Exercise aim: Print the data that follows word for word, leaving out any picture.

- - -

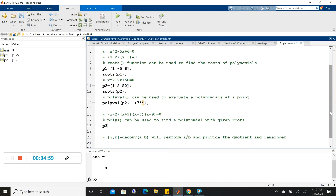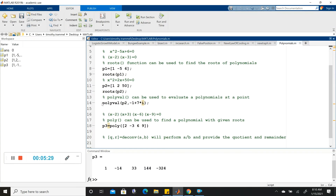We'll call this polynomial P3. It's going to give it to us as a vector. So P3 equals poly with the roots in vector format: [2, -3, 6, 9]. We can run this and see the polynomial that results from multiplying all those factors together. This gives us x to the fourth minus 14x cubed plus 33x squared plus 144x minus 324. That was a quick way to do that multiplication.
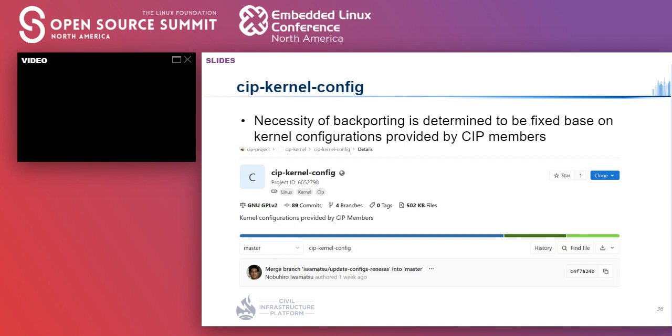These are the updates regarding the open source tools. Thank you for your time. Kudo-san, the floor is back to you.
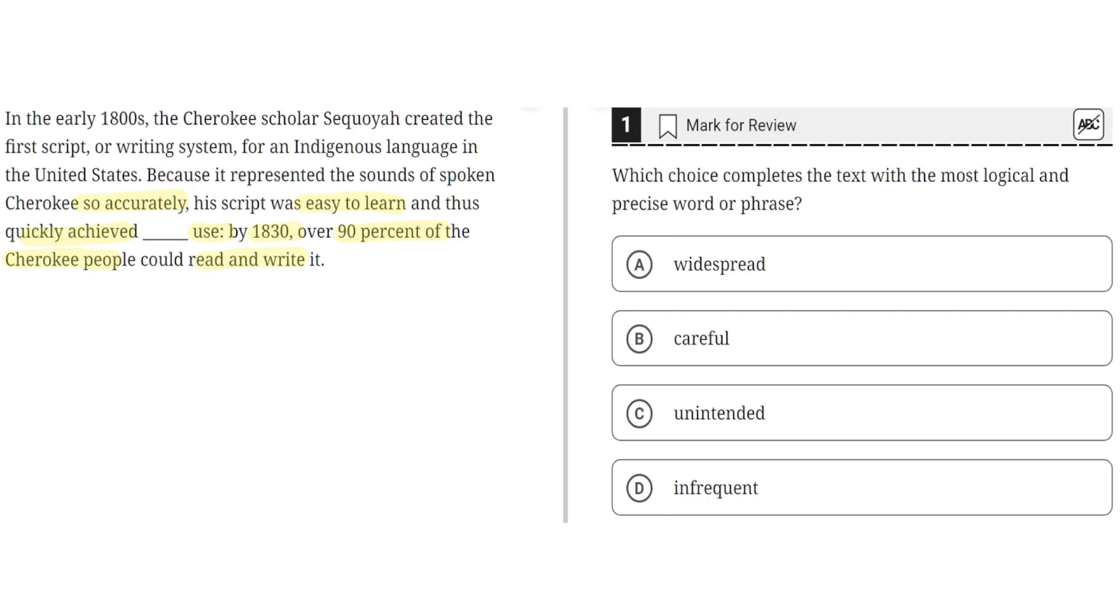A. Widespread. This seems to be correct because widespread highlights how this script achieved wide usage, and the fact that 90% of Cherokee people can read and write using it supports this. So A seems to be correct.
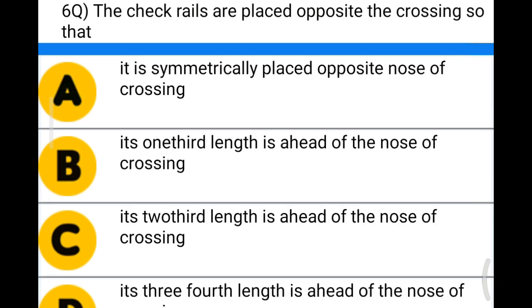Next question: the check rails are placed opposite the crossing so that — option A: it is symmetrically placed opposite the nose of crossing; option B: it is one-third length ahead of the nose of crossing; option C: its two-third length is ahead of the nose of crossing; option D: it is three-fourth length ahead of the nose of crossing. The correct answer is option D.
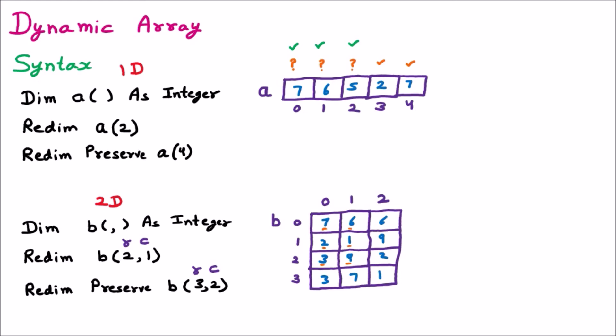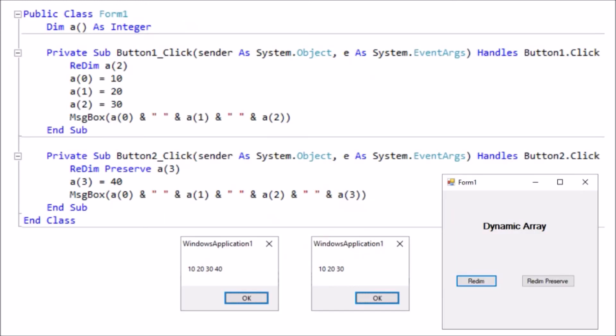We can keep increasing the size of the array at runtime. For example, using ReDim Preserve A(i) inside a button click means every time we click the button, the size of the array keeps increasing. Now we are taking one programming example to understand how a dynamic array works inside a program. We have created a form with a label showing 'Dynamic Array', and two buttons — one labeled 'ReDim' and one labeled 'ReDim Preserve'.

- - -

The answer:
We'll call this polynomial P3. It's going to give it to us as a vector. So P3 equals poly with the roots in vector format: [2, -3, 6, 9]. We can run this and see the polynomial that results from multiplying all those factors together. This gives us x to the fourth minus 14x cubed plus 33x squared plus 144x minus 324. That was a quick way to do that multiplication.
These are the updates regarding the open source tools. Thank you for your time. Kudo-san, the floor is back to you.
A. Widespread. This seems to be correct because widespread highlights how this script achieved wide usage, and the fact that 90% of Cherokee people can read and write using it supports this. So A seems to be correct.
Next question: the check rails are placed opposite the crossing so that — option A: it is symmetrically placed opposite the nose of crossing; option B: it is one-third length ahead of the nose of crossing; option C: its two-third length is ahead of the nose of crossing; option D: it is three-fourth length ahead of the nose of crossing. The correct answer is option D.
We can keep increasing the size of the array at runtime. For example, using ReDim Preserve A(i) inside a button click means every time we click the button, the size of the array keeps increasing. Now we are taking one programming example to understand how a dynamic array works inside a program. We have created a form with a label showing 'Dynamic Array', and two buttons — one labeled 'ReDim' and one labeled 'ReDim Preserve'.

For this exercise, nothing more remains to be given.